Step by step solution

01

Recall the binomial theorem and properties of binomial coefficients

Recall the binomial theorem, which states that for any non-negative integer \(n\) and any real numbers \(a\) and \(b\), \((a+b)^n = \sum_{k=0}^{n} { }^{n} \mathrm{C}_{k} a^{n-k} b^{k}\).

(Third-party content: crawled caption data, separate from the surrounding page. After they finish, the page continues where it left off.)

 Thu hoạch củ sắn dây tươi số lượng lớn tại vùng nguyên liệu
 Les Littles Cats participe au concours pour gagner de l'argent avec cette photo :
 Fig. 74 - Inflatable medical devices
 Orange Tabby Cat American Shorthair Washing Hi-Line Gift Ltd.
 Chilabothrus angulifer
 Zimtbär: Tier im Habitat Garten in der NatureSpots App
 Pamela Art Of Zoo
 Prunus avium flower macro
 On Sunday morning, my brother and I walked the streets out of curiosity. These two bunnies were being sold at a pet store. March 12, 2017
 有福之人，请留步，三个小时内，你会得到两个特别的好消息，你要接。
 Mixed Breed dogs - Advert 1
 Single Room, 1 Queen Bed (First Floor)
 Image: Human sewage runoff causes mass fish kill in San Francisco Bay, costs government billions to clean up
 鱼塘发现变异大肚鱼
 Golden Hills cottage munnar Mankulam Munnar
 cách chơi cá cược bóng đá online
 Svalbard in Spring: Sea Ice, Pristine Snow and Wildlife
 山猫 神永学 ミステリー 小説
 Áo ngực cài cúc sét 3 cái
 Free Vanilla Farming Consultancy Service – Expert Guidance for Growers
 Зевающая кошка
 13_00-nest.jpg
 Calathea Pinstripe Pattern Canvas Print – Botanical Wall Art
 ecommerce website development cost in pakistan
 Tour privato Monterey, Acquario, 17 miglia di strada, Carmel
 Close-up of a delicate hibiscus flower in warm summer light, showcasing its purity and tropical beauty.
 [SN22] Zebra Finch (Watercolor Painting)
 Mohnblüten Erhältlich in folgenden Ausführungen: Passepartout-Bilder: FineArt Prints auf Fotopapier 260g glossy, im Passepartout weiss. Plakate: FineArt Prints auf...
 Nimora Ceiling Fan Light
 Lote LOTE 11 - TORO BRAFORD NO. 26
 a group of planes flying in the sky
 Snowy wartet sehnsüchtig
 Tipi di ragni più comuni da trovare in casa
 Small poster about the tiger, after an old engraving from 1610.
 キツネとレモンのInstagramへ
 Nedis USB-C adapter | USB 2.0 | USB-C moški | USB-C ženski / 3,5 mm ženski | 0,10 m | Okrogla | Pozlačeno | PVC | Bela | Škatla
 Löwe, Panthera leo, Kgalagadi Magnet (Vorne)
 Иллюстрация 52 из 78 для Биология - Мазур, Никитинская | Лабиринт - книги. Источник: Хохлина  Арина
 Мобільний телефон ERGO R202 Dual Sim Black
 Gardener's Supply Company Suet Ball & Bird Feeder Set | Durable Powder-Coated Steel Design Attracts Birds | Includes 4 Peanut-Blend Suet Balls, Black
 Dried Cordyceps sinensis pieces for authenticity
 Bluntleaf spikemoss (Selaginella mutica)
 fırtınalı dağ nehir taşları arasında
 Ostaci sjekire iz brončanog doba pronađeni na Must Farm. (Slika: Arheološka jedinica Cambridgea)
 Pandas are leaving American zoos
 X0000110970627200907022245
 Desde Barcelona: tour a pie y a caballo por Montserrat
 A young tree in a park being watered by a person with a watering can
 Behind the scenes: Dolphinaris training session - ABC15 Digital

In this problem, we will focus on the following property of the binomial coefficients: \(\sum_{k=0}^n { }^{n} \mathrm{C}_{k} = 2^n\), which is obtained by setting \(a = 1\) and \(b = 1\) in the binomial theorem.
02

Rewrite the given sum as a subtraction using the property of binomial coefficients

Notice that the sum we want to find is the sum of odd-indexed binomial coefficients. So, we can rewrite the sum as a subtraction using the property of the binomial coefficients we recalled in step 1: \[ \sum_{k=1,3,5,\cdots}^{9} { }^{10} \mathrm{C}_{k} = \sum_{k=0}^{10} { }^{10} \mathrm{C}_{k} - \sum_{k=0,2,4,\cdots}^{10} { }^{10} \mathrm{C}_{k} = 2^{10} - \sum_{k=0,2,4,\cdots}^{10} { }^{10} \mathrm{C}_{k} \]
03

Use the binomial theorem again to find the sum of even-indexed coefficients

Set \(a = 1\) and \(b = -1\) in the binomial theorem to find the sum of even-indexed coefficients: \[ (1-1)^{10} = \sum_{k=0}^{10} { }^{10} \mathrm{C}_{k} (-1)^k \] Since \(1-1 = 0\), we have \(0^{10} = \sum_{k=0}^{10} { }^{10} \mathrm{C}_{k} (-1)^k\). Notice that the odd-indexed terms become negative, and the even-indexed terms remain positive. So, we have: \[ \sum_{k=0,2,4,\cdots}^{10} { }^{10} \mathrm{C}_{k} = \sum_{k=0}^{10} { }^{10} \mathrm{C}_{k} \]
04

Calculate the final sum

Finally, substitute the sum of even-indexed coefficients from step 3 into the expression we found in step 2: \[ \sum_{k=1,3,5,\cdots}^{9} { }^{10} \mathrm{C}_{k} = 2^{10} - \sum_{k=0,2,4,\cdots}^{10} { }^{10} \mathrm{C}_{k} = 2^{10} - 2^{10} = 1024 - 1024 = 1023 \] So, the sum of the given terms is 1023, and the correct answer is (d) 1023.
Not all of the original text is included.